Scraped caption text data

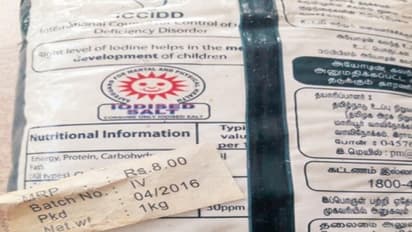 ரேசன் கடைகளில் கட்டாயப்படுத்தி விற்கப்படும் காலாவதியான உப்பு பாக்கெட்கள்; அதிர்ச்சியில் மக்கள்...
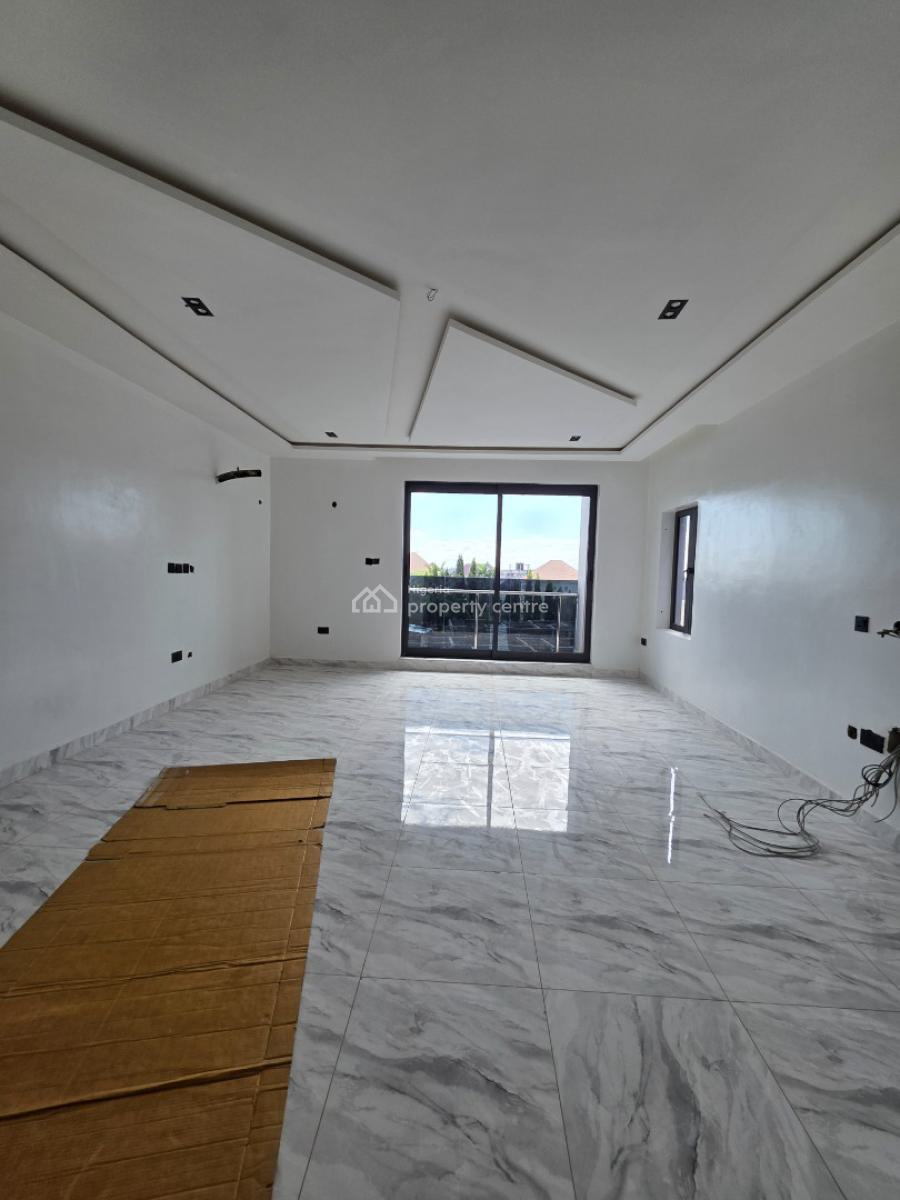Luxury 4 Bedroom Terrace Duplex with Bq, British International School, Durumi, Abuja, Terraced Duplex for Sale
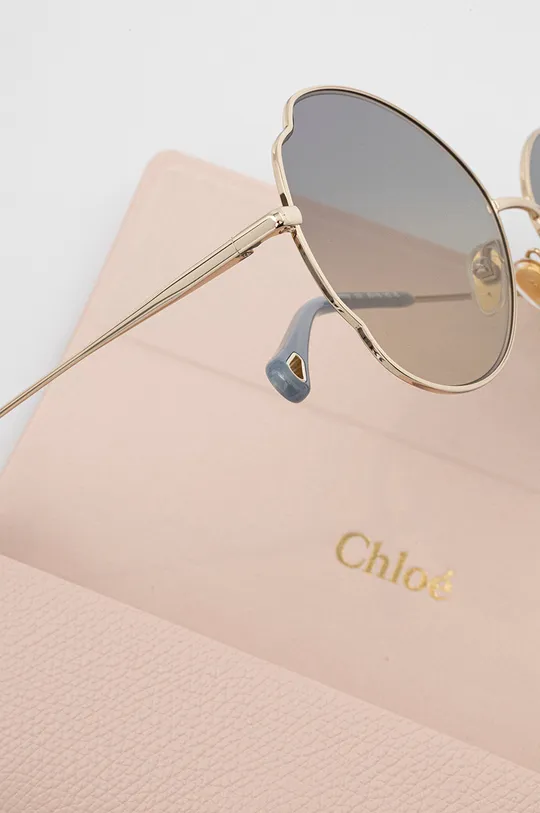 серый Солнцезащитные очки Chloé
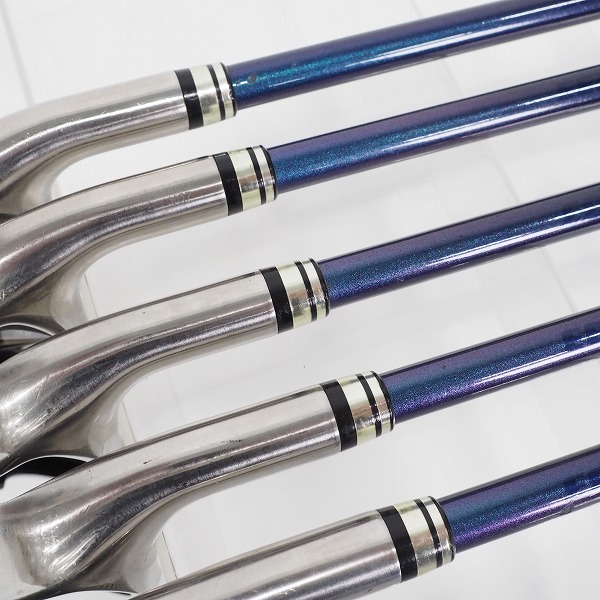 実際に弊社で買取させて頂いたDUNLOP/ダンロップ XXIO/ゼクシオ 8 エイト アイアン #6～9,Pw 5本セット MP800 FLEX：Rの画像 2枚目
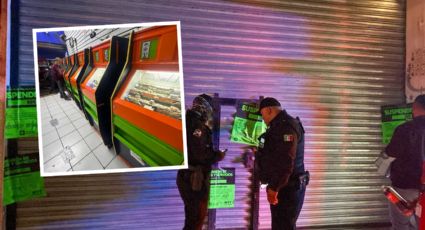 Monterrey suspende ocho negocios de maquinas tragamonedas en el Centro por incumplir permisos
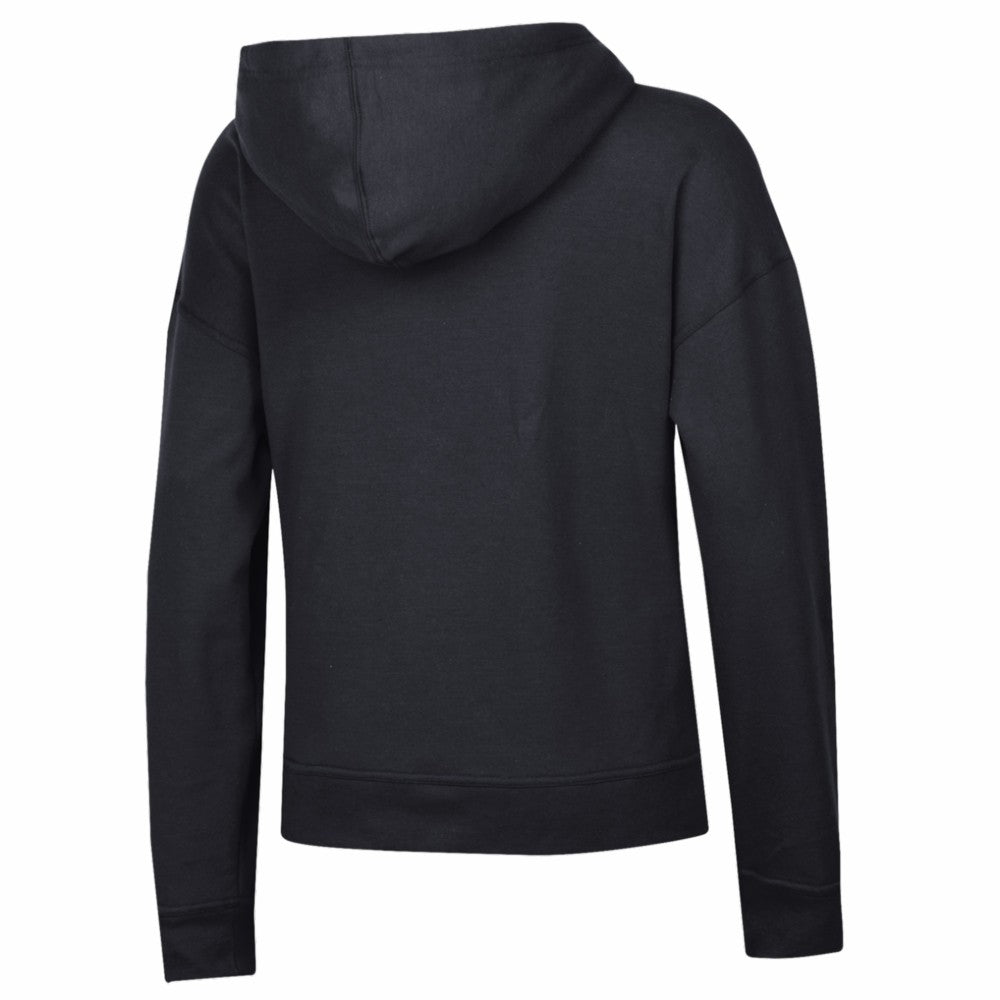 Utah Mammoth Champion Women's Powerblend Fleece Hoodie Black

* **Exercise description**: Your answer must be the records above, word for word, with every picture left out.

* **Task response**:
 ரேசன் கடைகளில் கட்டாயப்படுத்தி விற்கப்படும் காலாவதியான உப்பு பாக்கெட்கள்; அதிர்ச்சியில் மக்கள்...
Luxury 4 Bedroom Terrace Duplex with Bq, British International School, Durumi, Abuja, Terraced Duplex for Sale
 серый Солнцезащитные очки Chloé
 実際に弊社で買取させて頂いたDUNLOP/ダンロップ XXIO/ゼクシオ 8 エイト アイアン #6～9,Pw 5本セット MP800 FLEX：Rの画像 2枚目
 Monterrey suspende ocho negocios de maquinas tragamonedas en el Centro por incumplir permisos
 Utah Mammoth Champion Women's Powerblend Fleece Hoodie Black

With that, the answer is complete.